This is a repeat of Exercise 1, but with a few changes.
It's bit unusual compared to the other homework you've done, because here you'll be merging the pull requests, instead of showing the unmerged pull requests to a mentor.
Start by making a new fork of https://github.com/HackYourFuture-CPH/module-Git-2-exercises into your own account, giving it a new name (for example, hyf-git-2-homework
).
Then, clone that fork (from your account) to your laptop.
Open tiny-web-page/index.html
in your browser, to see how the web page looks at the moment.
For each of the 10 changes separately:
- Start on
main
. - Create a new branch to represent this specific change.
- Make the edits required (inside the
tiny-web-page
directory) and commit. - Push your branch (to your fork).
- Make a pull request from your new branch, making sure that
the "base" is set to
main
of your fork. (The "base" of a pull request means "where you would like it to be merged into").
Prepare the pull requests, but don't merge them yet.

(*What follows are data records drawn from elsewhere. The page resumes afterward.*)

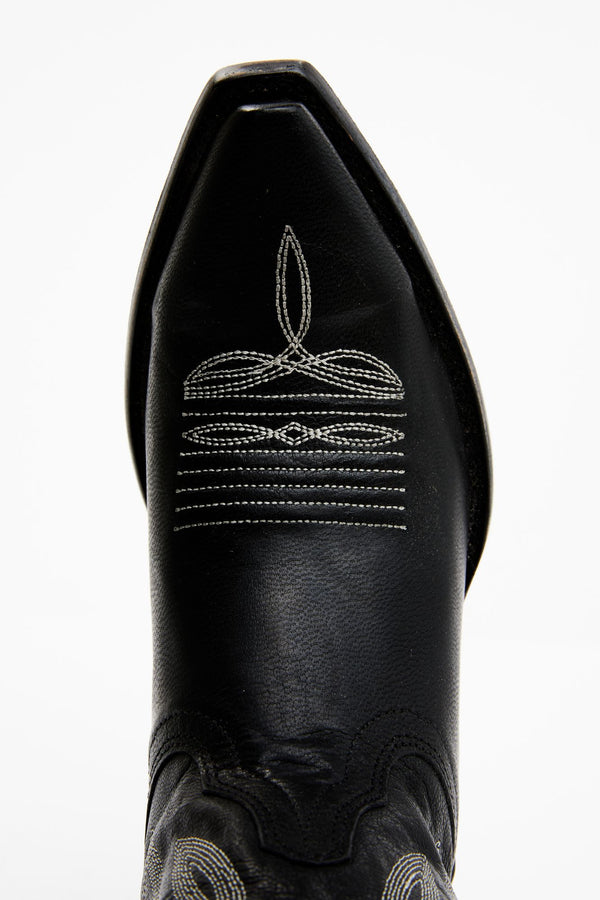 Colt Volgo Black Leather Western Boots - Snip Toe - Black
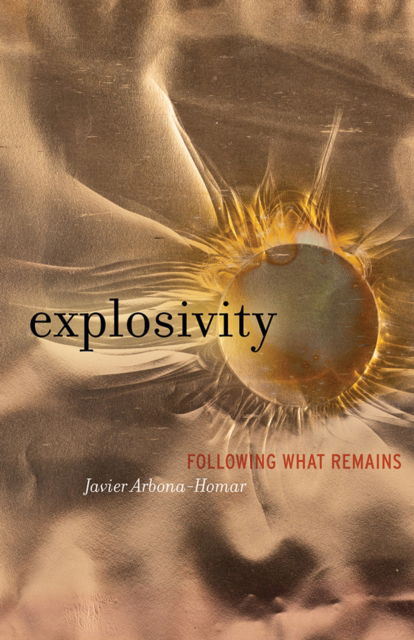 Cover for Javier Arbona-Homar · Explosivity: Following What Remains (Hardcover Book) (2025)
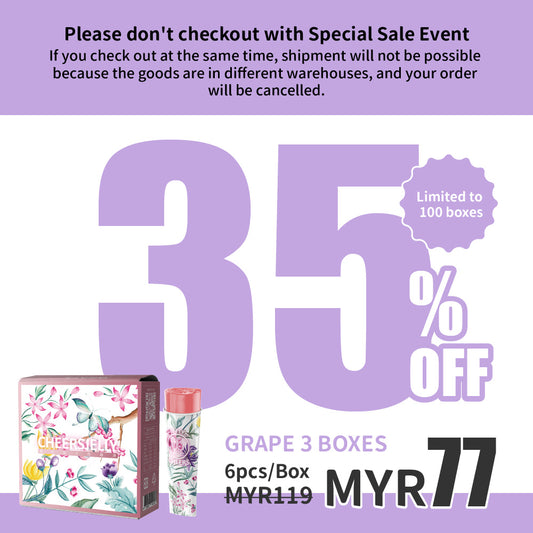 CheersJelly Low-Calorie Konjac Jelly【Grape 3 boxes】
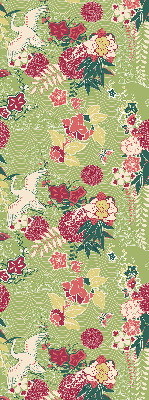 Rolgordijn verduisterend Reiger en planten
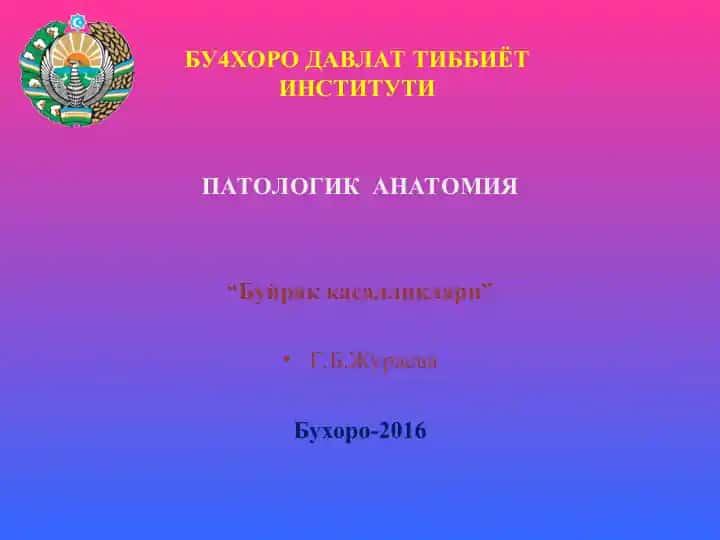 "Буйрак касалликлари"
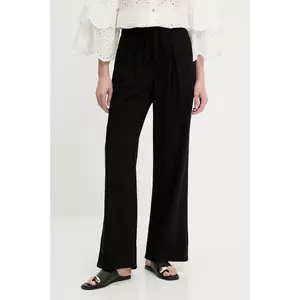Answear Lab pantaloni culoarea negru, lat, high waist imagine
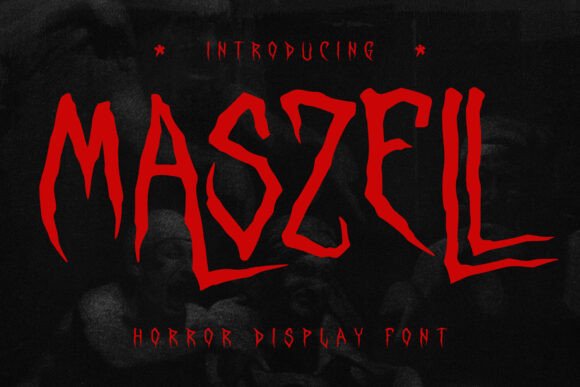 Maszell: A Spooky Font for Bold Campaigns
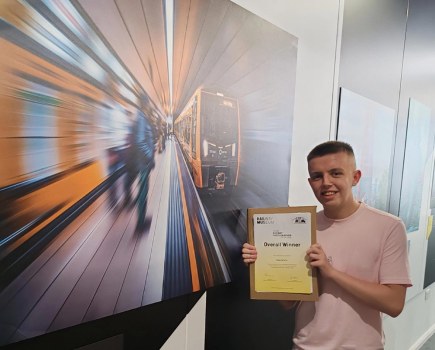Dale Bristo young railway photographer of the year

Go through the 10 pull requests in order. For each one, if it's mergeable, then just merge it.
But, if it's not mergeable (i.e. if the pull request says "This branch has conflicts that must be resolved"):
- Resolve the merge conflict. You can do this from the GitHub web page, or from the command line, or probably from your IDE (e.g. Visual Studio Code). The pull request web page shows help on how to do this.
- Add a comment to the pull request explaining:
- Why the conflict happened (i.e. which things conflicted?)
- How you chose how to resolve the conflict. (i.e. why did you choose to keep "A", or keep "B", or combine the two?)
- Once the conflict is resolved, merge the pull request.
At the end of the homework, you should have 10 closed pull requests in your fork. Instead of submitting a pull request into the team channel for review, just submit a link to your forked repository.
This one is somewhat inevitably messy :-/
What we can look for:
- Do each of the 10 branches (pre merge) look OK?
- Do each of the conflict resolutions look OK? (Especially, no committed
<<<<<<>>>>>>
) - Do the PRs have helpful titles / branch names?
- Do the PR comments (explaining the resolved conflicts) seem right?
- Does the final web page (on
main
) look OK, and like it contains all / as-many-as-possible of the 10 changes?